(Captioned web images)
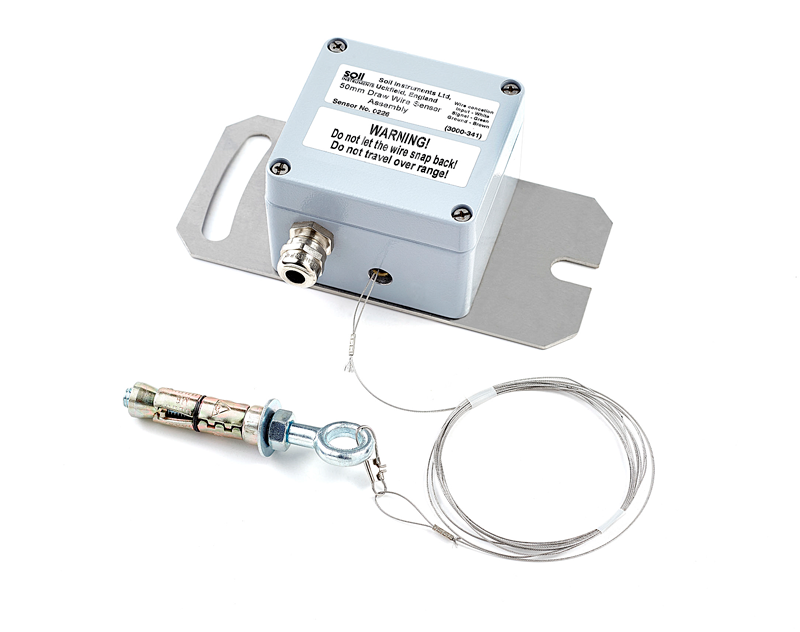 Sensor Draw-Wire untuk Pengukuran Perpindahan Linear | Draw-wire sensor E9 Soil Instrument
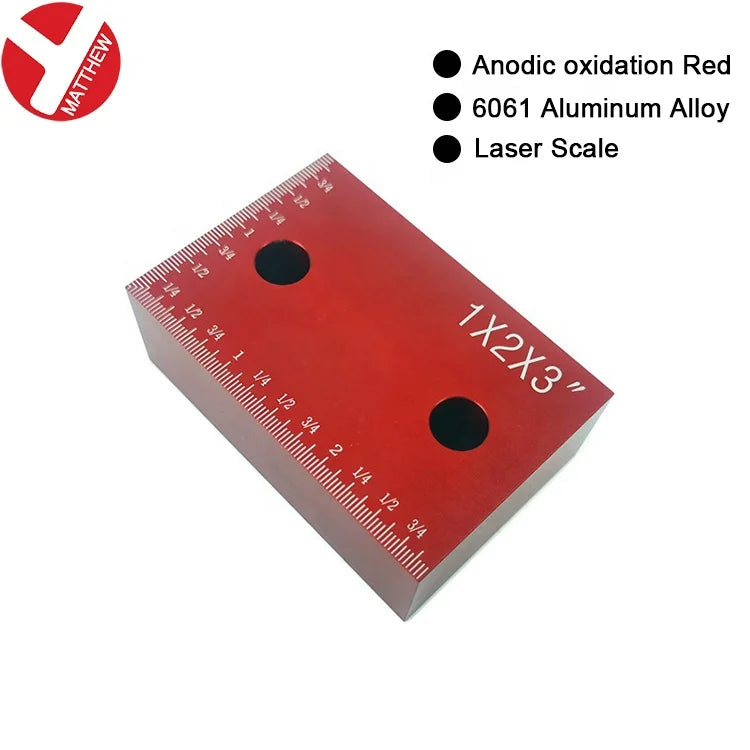 16pcs Industrial & DIY Precision Aluminum Setup Blocks Router Table Height Gauge Bars Customizable OEM Support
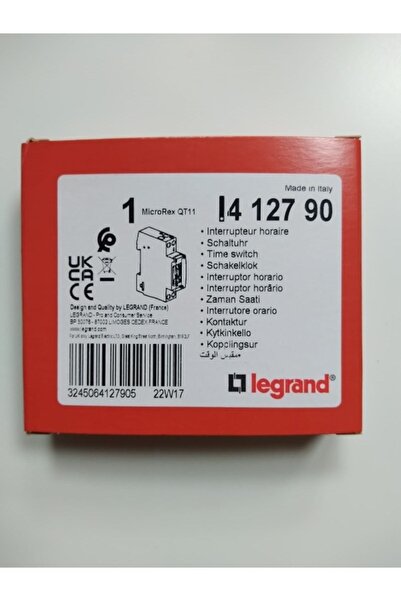 Legrand 412790 Mekanik Şalt Zaman Saati 16a-230v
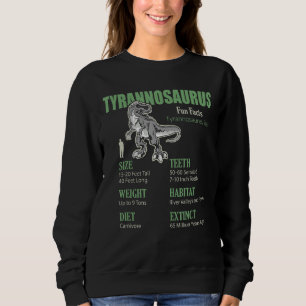 T Rex Boys Fun Fact Dinosaur Tyrannosaurus Rex Sweatshirt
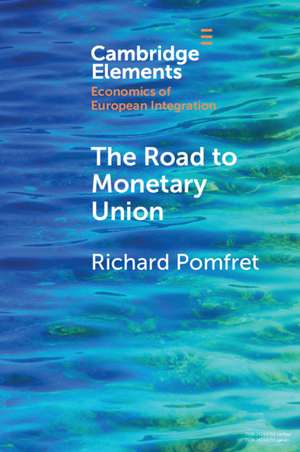 The Road to Monetary Union de Richard Pomfret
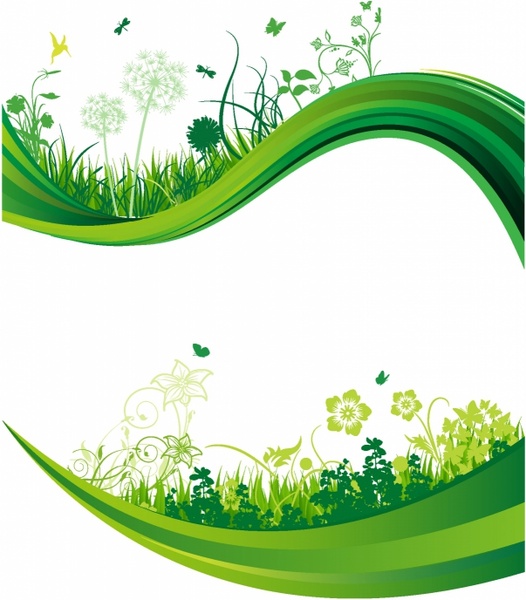 Green Banners Eps Ai File Free Graphics Uihere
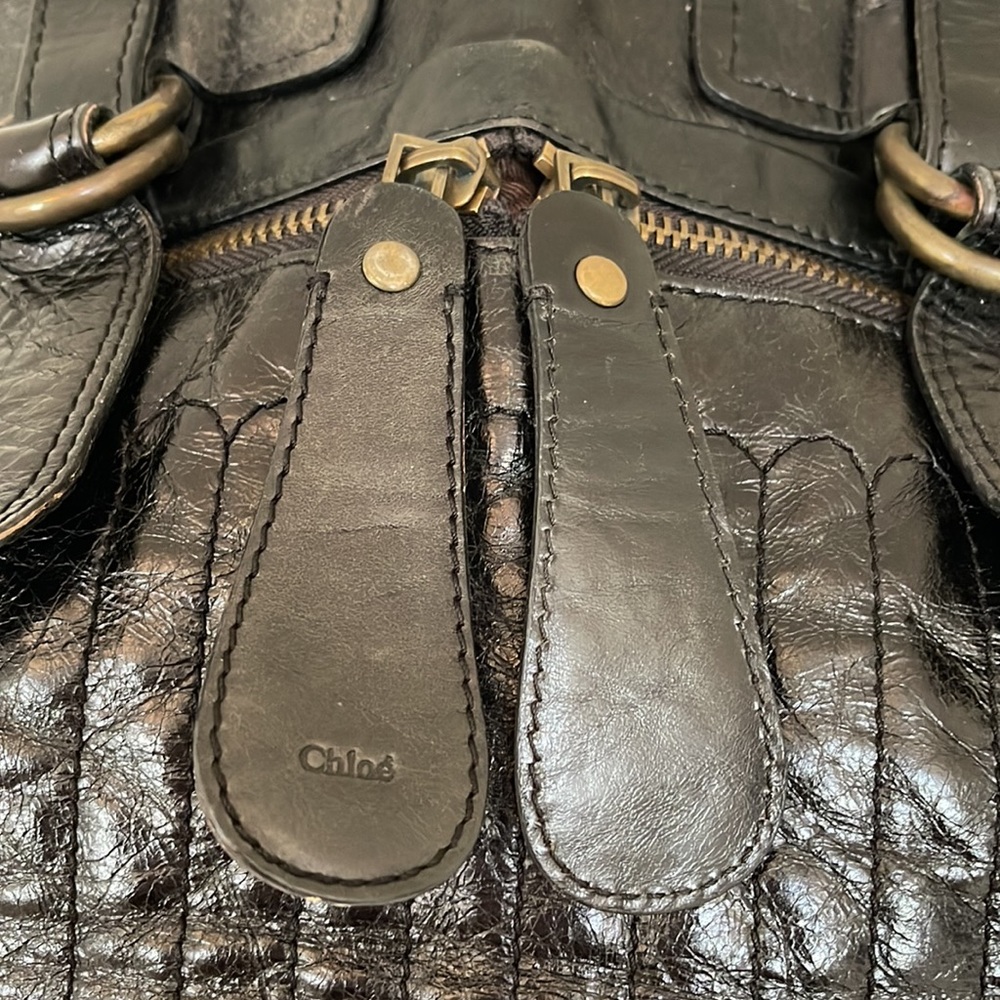 Chloe Black Quilted Leather Tote - Picture 2 of 13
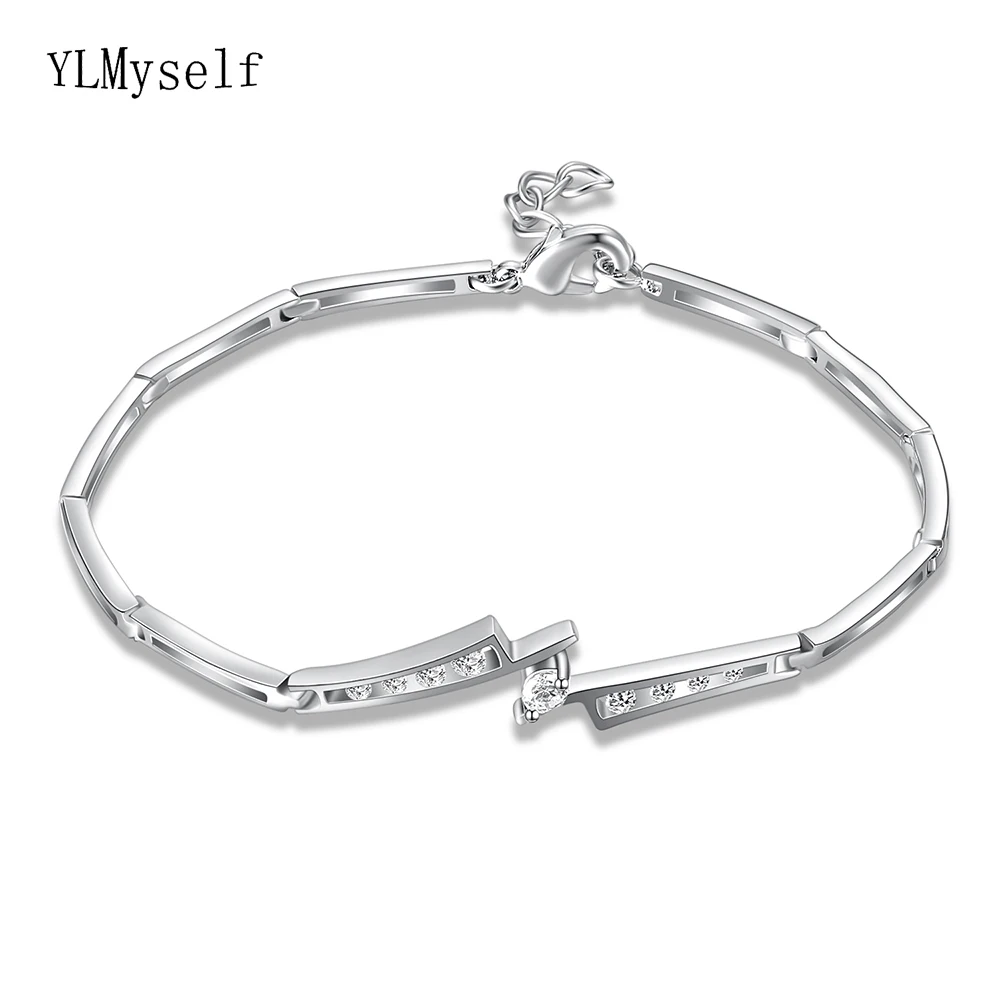 Элегантные браслеты длиной 16,5+ 2 см, быстрая, посеребренный лучший подарок, модные ювелирные изделия, милые ювелирные изделия, очаровательный браслет и браслет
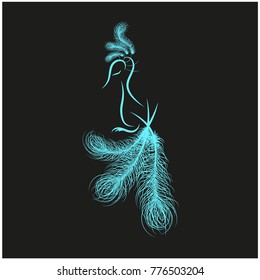 Abstract color peacock.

_Requirement_
Retype the data above as given, letting no picture into the copy.

_Exercise result_
 Sensor Draw-Wire untuk Pengukuran Perpindahan Linear | Draw-wire sensor E9 Soil Instrument
 16pcs Industrial & DIY Precision Aluminum Setup Blocks Router Table Height Gauge Bars Customizable OEM Support
 Legrand 412790 Mekanik Şalt Zaman Saati 16a-230v
 T Rex Boys Fun Fact Dinosaur Tyrannosaurus Rex Sweatshirt
 The Road to Monetary Union de Richard Pomfret
 Green Banners Eps Ai File Free Graphics Uihere
 Chloe Black Quilted Leather Tote - Picture 2 of 13
 Элегантные браслеты длиной 16,5+ 2 см, быстрая, посеребренный лучший подарок, модные ювелирные изделия, милые ювелирные изделия, очаровательный браслет и браслет
 Abstract color peacock.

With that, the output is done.